+++ DATA +++

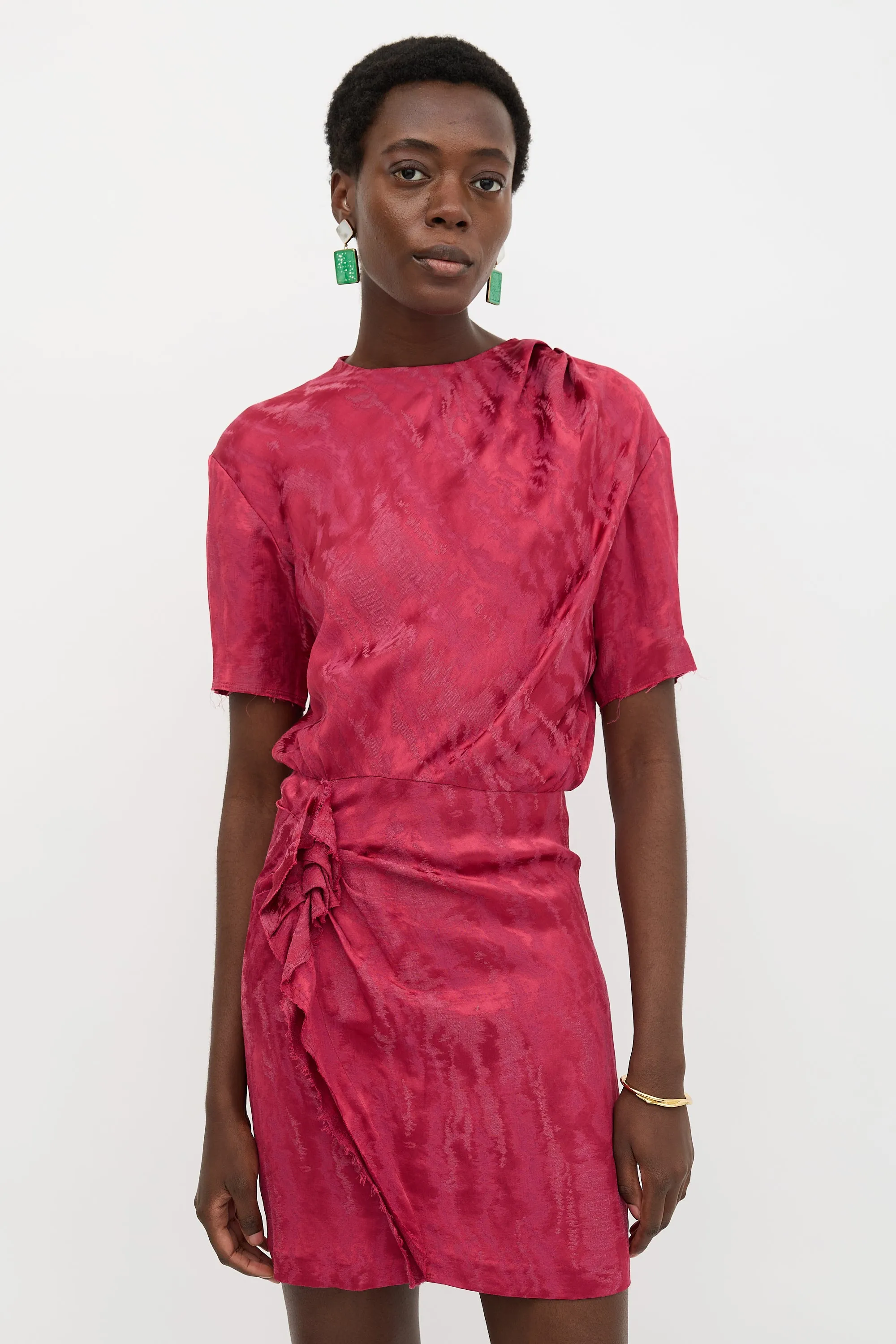 Satin Jacquard Ruffled Dress sold by VSP Consignment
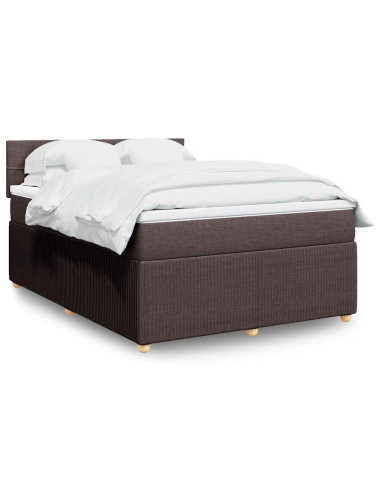Giroletto a Molle con Materasso Marrone Scuro 140x200cm Tessuto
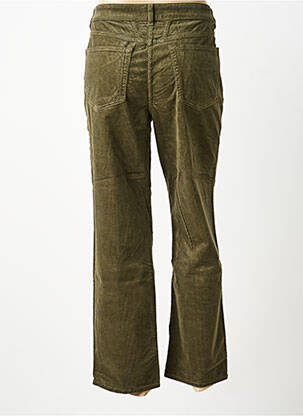 Pantalon droit fermeture zippée sous rabat boutonné taille normale vert CLOSED femme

+++

When the line that holds "Giroletto a Molle" is reached, begin duplicating exactly, and continue through the last line of the listing, skipping the pictures; output nothing else.

- SOLUTION TO THIS EXERCISE -
Giroletto a Molle con Materasso Marrone Scuro 140x200cm Tessuto
 Pantalon droit fermeture zippée sous rabat boutonné taille normale vert CLOSED femme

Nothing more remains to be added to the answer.